Le K2, elle le regrimpera, cette montagne fait partie de son chemin, de ses pensées.
« L’escalade m’a appris à me débrouiller par moi-même », dit-elle, citant le livre de Yvon Chouinard, fondateur de Patagonia, Entrepreneur malgré moi. Et cela, ça vaut de l’or, comme le fait d’avoir appris à être fière d’elle et de redonner à sa communauté. Nathalie redonne, comme la montagne qui offre autant de rêves, de vertiges et d’objectifs.
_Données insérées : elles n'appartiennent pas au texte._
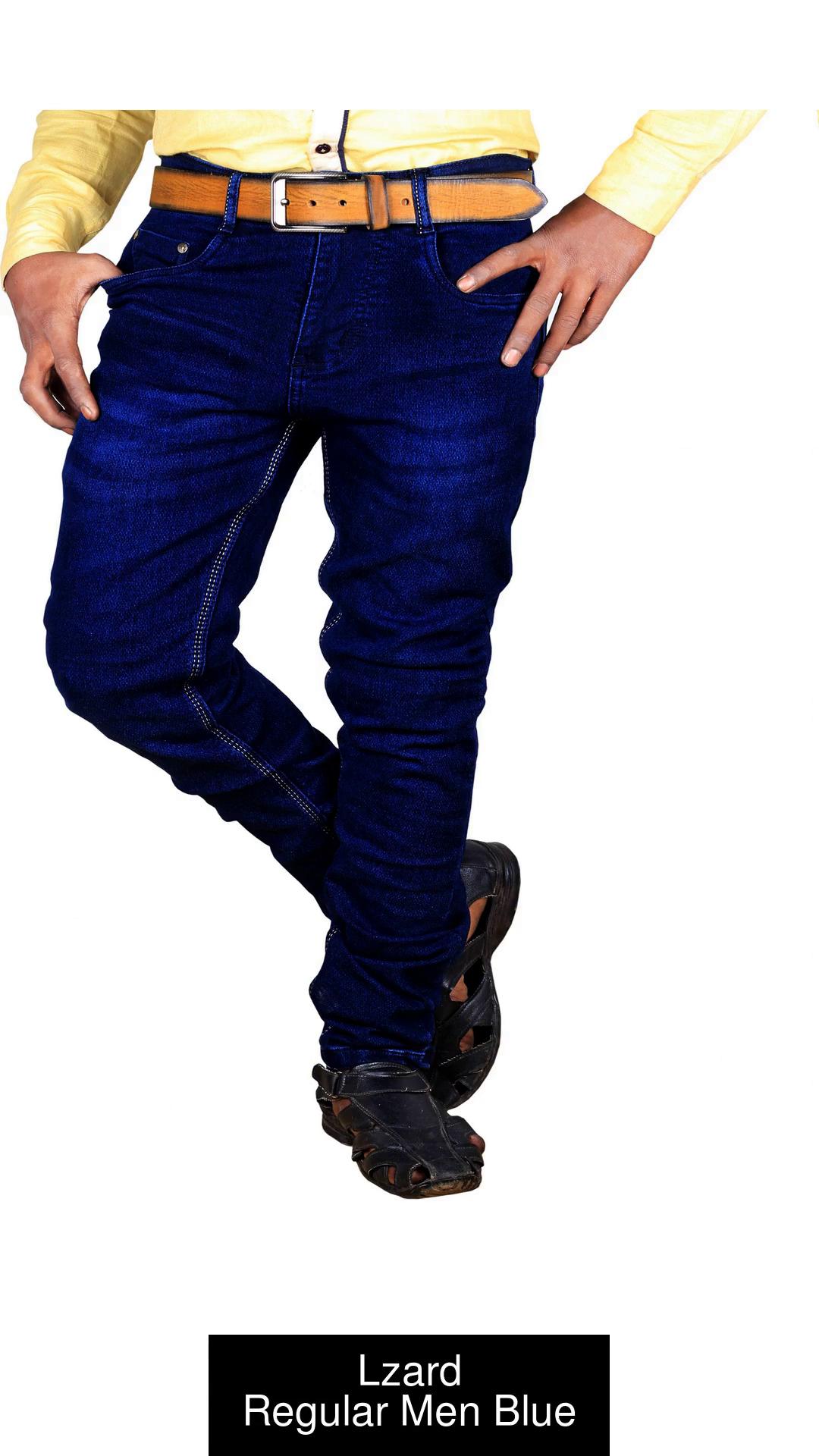 Mens Blue Cotton Blend Faded Slim Fit Jeans  Dilutee India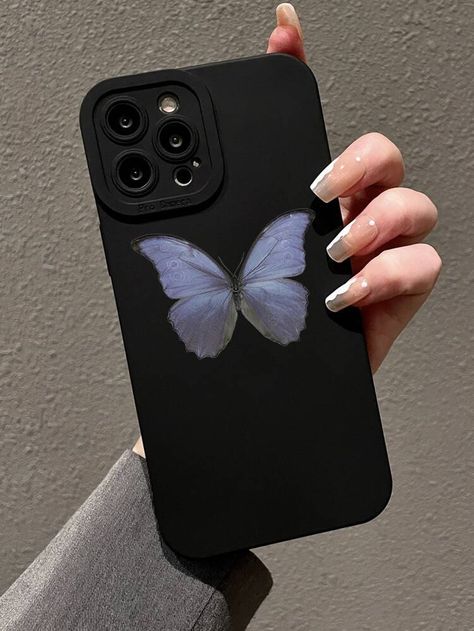 Discover the Butterfly Pattern Phone Case you never knew you needed. At ROMWE. Cute Black Phone Cases, Iphone 11 Cases For Black Phone, Iphone 11 Black Case, Cute Phone Cases Iphone 11, Black Phone Case Aesthetic, Phone Cases For Black Iphone, Black I Phone, Aesthetic Phonecases, Phone Cases Black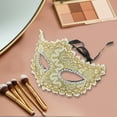 thumbnail image 4 of Unique Bargains 1 Pc Pointed Head Dragon-Design Half Face Party Mask for Masquerade Party Gold Tone, 4 of 5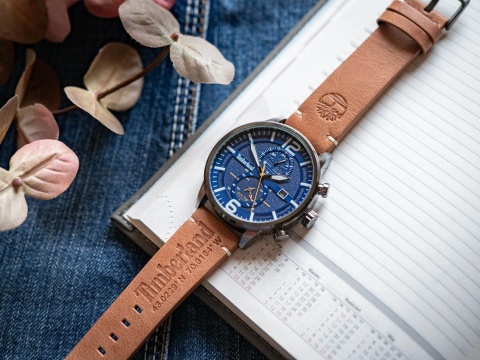 Zegarek Męski Timberland TDWGF2182301 – Granatowa Tarcza, Brązowy Pasek i Funkcja Dual Time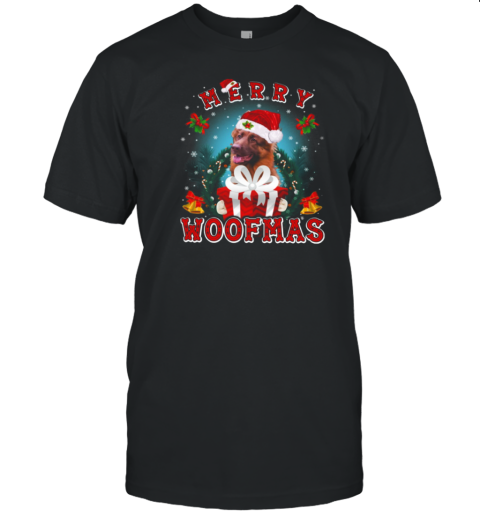 Woof Xmas  Red German Shepherd Premium Fit Mens T-Shirt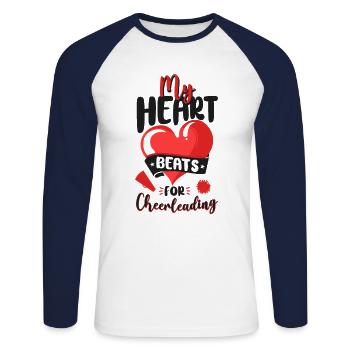 Cheer Cheerleading Heart My Heart - Unisex Baseballshirt langarm - Weiß/Navy - Vorne - Nik (191cm)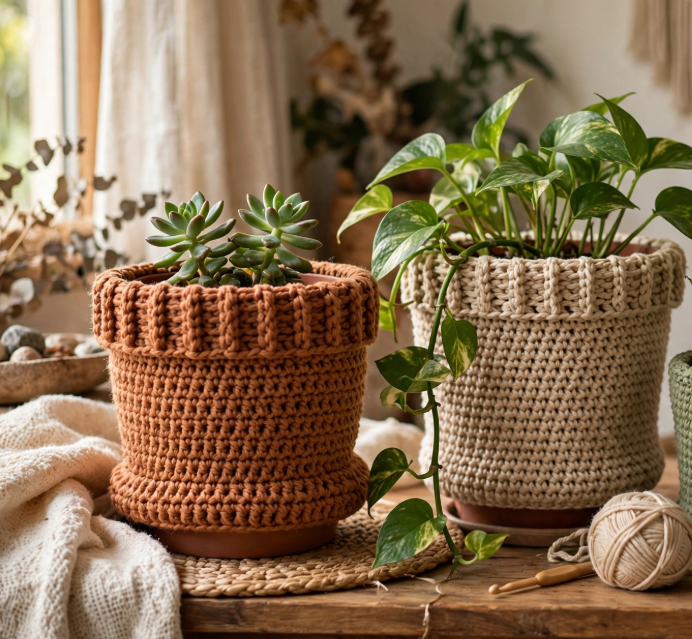 Potted plants wrapped in textured, handmade crocheted plant cozies, displayed as inspiration for 15 Crochet Upcycle Ideas.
L’escalade, c’est son univers, une passion qu’elle vit depuis 20 ans et qui l’a amenée à parcourir le monde. Elle en mange, donne au suivant, partage sa science, prête même de l’équipement. Elle a d’ailleurs crée un groupe Facebook, « Des Femmes et des Lames », où les grimpeuses peuvent échanger. Si à aucun moment de l’entrevue elle n’a parlé de féminisme, on peut dire que le soutien aux femmes, la valorisation de leurs différents cheminements, la reconnaissance de leur apport sont des notions bien ancrées en elle et dans son engagement. Nathalie, c’est un moteur qui par ses actions pousse sainement les femmes, et tout le monde finalement, au dépassement.
Note de la rédaction : une expédition comme l’Everest coûte 50 000 $ à Nathalie parce qu’elle ne prend qu’un sherpa avec qui elle partage la charge. Avec un guide, cela coûterait 75 000 $. Cette somme, requiert de trouver des commanditaires. C’est le nerf de la guerre et c’est chaque fois un grand défi. De l’argent pour ses expéditions, Nathalie en cherche toujours.